Stored items:
+===+

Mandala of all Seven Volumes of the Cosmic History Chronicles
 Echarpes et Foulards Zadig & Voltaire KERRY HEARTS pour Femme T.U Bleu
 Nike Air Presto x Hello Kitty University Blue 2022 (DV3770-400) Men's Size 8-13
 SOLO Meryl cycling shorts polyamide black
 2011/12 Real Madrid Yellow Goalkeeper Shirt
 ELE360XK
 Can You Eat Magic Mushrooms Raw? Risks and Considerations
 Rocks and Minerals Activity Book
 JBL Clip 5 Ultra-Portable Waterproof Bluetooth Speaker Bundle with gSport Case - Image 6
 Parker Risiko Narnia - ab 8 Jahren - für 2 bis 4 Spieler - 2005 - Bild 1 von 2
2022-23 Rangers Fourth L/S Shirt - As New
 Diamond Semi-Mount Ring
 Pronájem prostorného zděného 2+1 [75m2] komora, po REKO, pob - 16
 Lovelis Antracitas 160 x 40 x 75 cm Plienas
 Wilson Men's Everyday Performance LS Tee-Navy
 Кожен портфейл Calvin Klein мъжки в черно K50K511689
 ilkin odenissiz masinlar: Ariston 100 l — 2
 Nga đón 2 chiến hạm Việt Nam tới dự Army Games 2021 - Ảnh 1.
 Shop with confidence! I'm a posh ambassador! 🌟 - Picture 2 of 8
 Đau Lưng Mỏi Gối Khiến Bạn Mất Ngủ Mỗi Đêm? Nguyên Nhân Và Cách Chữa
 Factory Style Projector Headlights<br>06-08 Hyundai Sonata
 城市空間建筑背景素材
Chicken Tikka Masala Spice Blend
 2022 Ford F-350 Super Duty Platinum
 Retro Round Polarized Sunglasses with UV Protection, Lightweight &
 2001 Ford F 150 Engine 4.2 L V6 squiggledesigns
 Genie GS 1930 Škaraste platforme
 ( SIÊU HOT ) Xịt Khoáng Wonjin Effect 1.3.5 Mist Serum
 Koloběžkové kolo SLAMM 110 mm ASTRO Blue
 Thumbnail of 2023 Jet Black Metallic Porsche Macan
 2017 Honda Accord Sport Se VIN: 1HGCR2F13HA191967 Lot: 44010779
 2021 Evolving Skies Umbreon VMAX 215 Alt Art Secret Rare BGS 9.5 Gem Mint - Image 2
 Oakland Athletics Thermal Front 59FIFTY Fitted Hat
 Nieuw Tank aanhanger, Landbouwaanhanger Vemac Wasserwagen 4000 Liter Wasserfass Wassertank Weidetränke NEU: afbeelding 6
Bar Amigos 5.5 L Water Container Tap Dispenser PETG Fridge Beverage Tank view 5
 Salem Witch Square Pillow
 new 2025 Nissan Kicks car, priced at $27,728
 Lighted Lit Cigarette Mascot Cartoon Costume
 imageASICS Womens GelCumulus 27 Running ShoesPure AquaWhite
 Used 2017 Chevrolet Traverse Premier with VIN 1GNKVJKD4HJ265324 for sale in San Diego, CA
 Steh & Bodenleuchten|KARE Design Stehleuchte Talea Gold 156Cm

+===+

Reproduce the records above exactly. Leave nothing out.

Mandala of all Seven Volumes of the Cosmic History Chronicles
 Echarpes et Foulards Zadig & Voltaire KERRY HEARTS pour Femme T.U Bleu
 Nike Air Presto x Hello Kitty University Blue 2022 (DV3770-400) Men's Size 8-13
 SOLO Meryl cycling shorts polyamide black
 2011/12 Real Madrid Yellow Goalkeeper Shirt
 ELE360XK
 Can You Eat Magic Mushrooms Raw? Risks and Considerations
 Rocks and Minerals Activity Book
 JBL Clip 5 Ultra-Portable Waterproof Bluetooth Speaker Bundle with gSport Case - Image 6
 Parker Risiko Narnia - ab 8 Jahren - für 2 bis 4 Spieler - 2005 - Bild 1 von 2
2022-23 Rangers Fourth L/S Shirt - As New
 Diamond Semi-Mount Ring
 Pronájem prostorného zděného 2+1 [75m2] komora, po REKO, pob - 16
 Lovelis Antracitas 160 x 40 x 75 cm Plienas
 Wilson Men's Everyday Performance LS Tee-Navy
 Кожен портфейл Calvin Klein мъжки в черно K50K511689
 ilkin odenissiz masinlar: Ariston 100 l — 2
 Nga đón 2 chiến hạm Việt Nam tới dự Army Games 2021 - Ảnh 1.
 Shop with confidence! I'm a posh ambassador! 🌟 - Picture 2 of 8
 Đau Lưng Mỏi Gối Khiến Bạn Mất Ngủ Mỗi Đêm? Nguyên Nhân Và Cách Chữa
 Factory Style Projector Headlights<br>06-08 Hyundai Sonata
 城市空間建筑背景素材
Chicken Tikka Masala Spice Blend
 2022 Ford F-350 Super Duty Platinum
 Retro Round Polarized Sunglasses with UV Protection, Lightweight &
 2001 Ford F 150 Engine 4.2 L V6 squiggledesigns
 Genie GS 1930 Škaraste platforme
 ( SIÊU HOT ) Xịt Khoáng Wonjin Effect 1.3.5 Mist Serum
 Koloběžkové kolo SLAMM 110 mm ASTRO Blue
 Thumbnail of 2023 Jet Black Metallic Porsche Macan
 2017 Honda Accord Sport Se VIN: 1HGCR2F13HA191967 Lot: 44010779
 2021 Evolving Skies Umbreon VMAX 215 Alt Art Secret Rare BGS 9.5 Gem Mint - Image 2
 Oakland Athletics Thermal Front 59FIFTY Fitted Hat
 Nieuw Tank aanhanger, Landbouwaanhanger Vemac Wasserwagen 4000 Liter Wasserfass Wassertank Weidetränke NEU: afbeelding 6
Bar Amigos 5.5 L Water Container Tap Dispenser PETG Fridge Beverage Tank view 5
 Salem Witch Square Pillow
 new 2025 Nissan Kicks car, priced at $27,728
 Lighted Lit Cigarette Mascot Cartoon Costume
 imageASICS Womens GelCumulus 27 Running ShoesPure AquaWhite
 Used 2017 Chevrolet Traverse Premier with VIN 1GNKVJKD4HJ265324 for sale in San Diego, CA
 Steh & Bodenleuchten|KARE Design Stehleuchte Talea Gold 156Cm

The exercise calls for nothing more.